INSERT INTO test_hdfsload
SELECT * FROM hdfs (
"uri" = "hdfs://127.0.0.1:8020/tmp/hdfsload_example.csv",
"fs.defaultFS" = "hdfs://127.0.0.1:8020",
"hadoop.username" = "doris",
"format" = "csv",
"csv_schema" = "user_id:int;name:string;age:int"
);

Key parameters:

ParameterDescription
uriFull path of the HDFS file
fs.defaultFSHDFS NameNode address
hadoop.usernameUsername for accessing HDFS
formatFile format, for example csv
csv_schemaColumn definitions of the CSV file, in the form column_name:type;column_name:type

Step 4: Verify the Import Result

SELECT * FROM test_hdfsload;

Expected output:

mysql> select * from test_hdfsload;
+---------+-----------+------+
| user_id | name | age |
+---------+-----------+------+
| 5 | Ava | 17 |
| 10 | Liam | 64 |
| 7 | Sophia | 32 |
| 9 | Emma | 37 |
| 1 | Emily | 25 |
| 4 | Alexander | 60 |
| 2 | Benjamin | 35 |
| 3 | Olivia | 28 |
| 6 | William | 69 |
| 8 | James | 64 |
+---------+-----------+------+
10 rows in set (0.04 sec)

FAQ

Q1: How do I choose between HDFS Load and TVF?

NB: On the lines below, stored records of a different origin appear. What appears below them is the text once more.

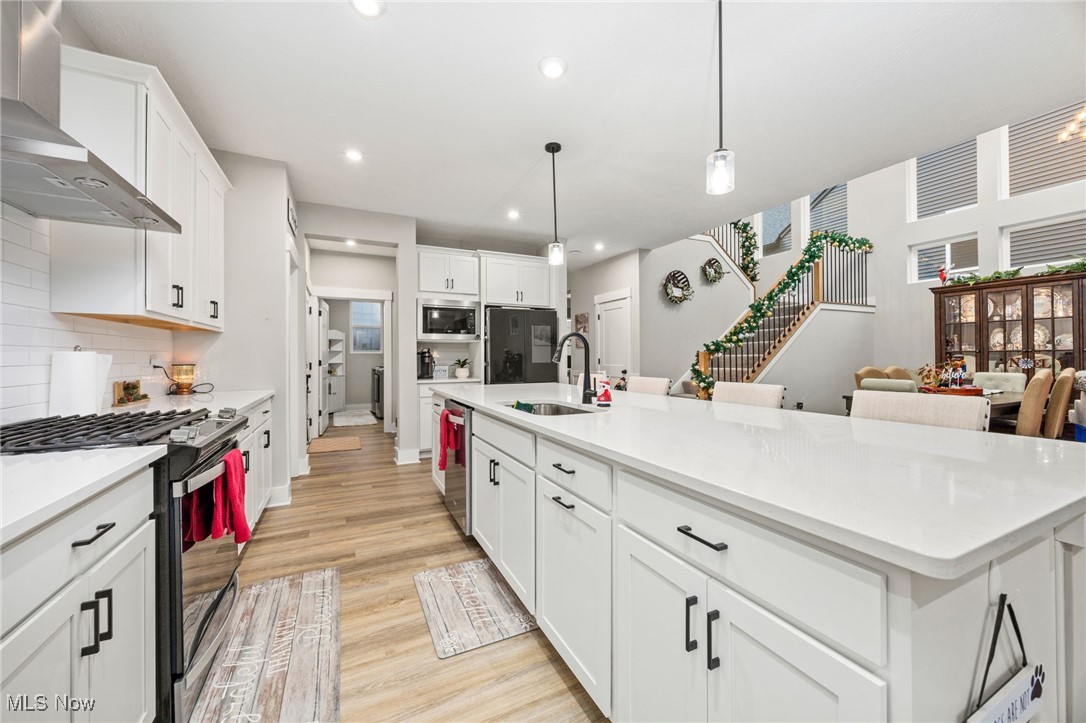 Windfall Estates Ph 3 - Residential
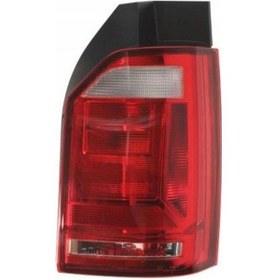 Resim Mars 611556 - Stop Lamba Sağ Vw Transporter T6 15 Duysuz 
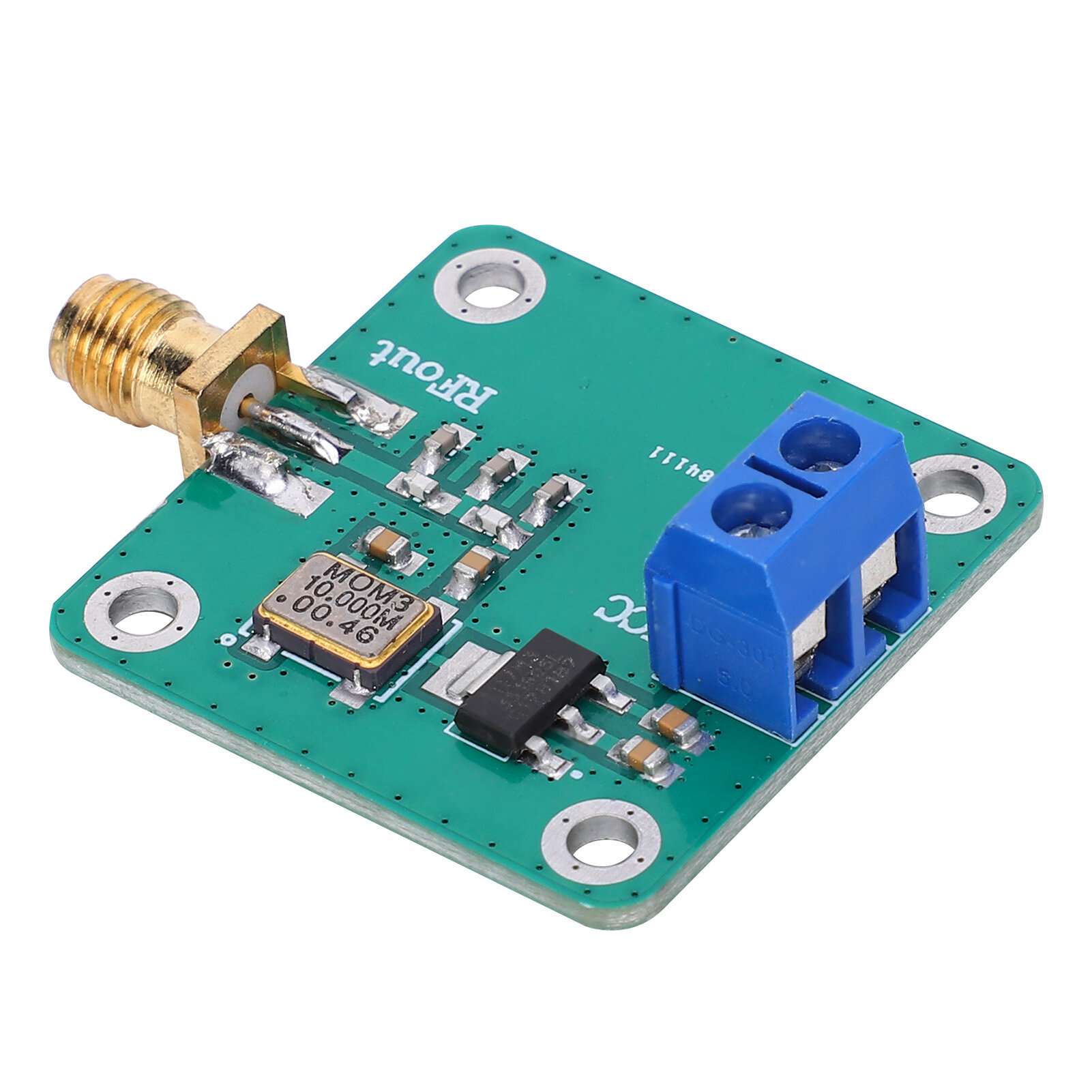 Signal Source Module Signal Source Module 10Mhz RF Signal Generator Board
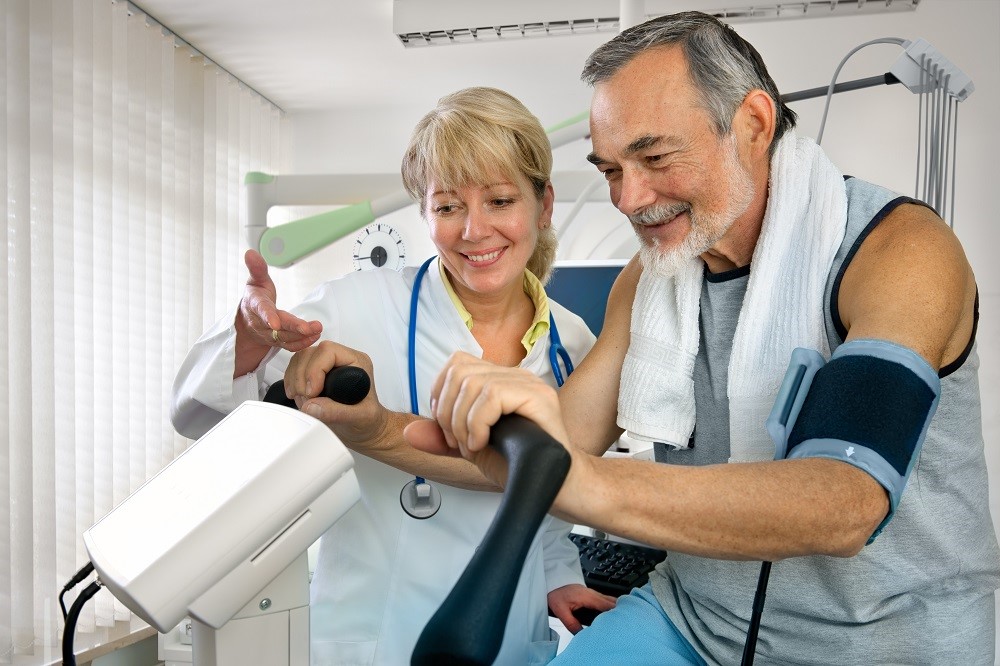 Cardiac & Heart Stress Testing Mesa Cardiologists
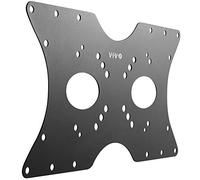 VIVO Soporte de Placa Adaptador de Montaje VESA LCD LED para Pantallas de 32 a 55 Pulgadas | Kit de conversión para VESA de hasta 400 x 200 mm (MOUNT-AD4X2)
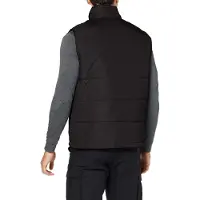 Regatta - Heren Access Geïsoleerde Bodywarmer (Zwart)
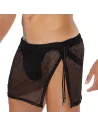 Ibiza jockskirt Black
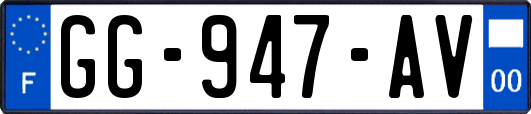 GG-947-AV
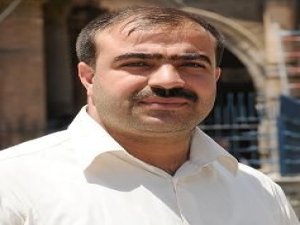 BARIŞA KASTEDEN BU EYLEMİ KINIYORUZ.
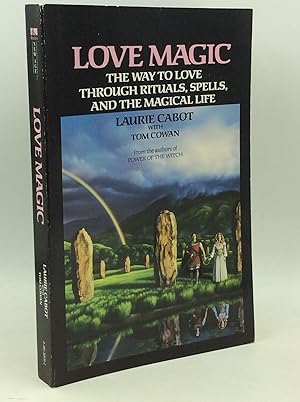 Imagen del vendedor de LOVE MAGIC a la venta por Kubik Fine Books Ltd., ABAA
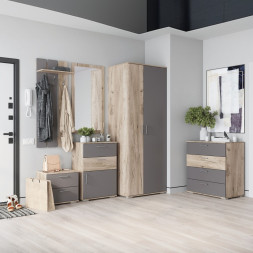 Прихожая в коридор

  • For larger data volumes where asynchronous execution is acceptable, choose HDFS Load.
  • For smaller data volumes where you need the import result immediately, or want to combine the import with INSERT INTO ... SELECT for transformation, choose TVF.

Q2: What are the common required parameters for connecting to HDFS?

  • fs.defaultFS: HDFS NameNode address. Required.
  • hadoop.username: Username for accessing HDFS. Required.
  • If authentication such as Kerberos is enabled, add the corresponding authentication configuration.

Q3: How should csv_schema be written in TVF?

The format is column_name:type;column_name:type, for example user_id:int;name:string;age:int. It must match the actual column order and types of the CSV file.

Q4: What if an HDFS Load job times out?

Adjust timeout (in seconds) in PROPERTIES; the default is 3600. For large files, increase it as needed.

Q5: Why does the import result not match the order of the source file?

Doris is a distributed storage engine, and SELECT * does not guarantee order by default. To get ordered output, add an explicit ORDER BY.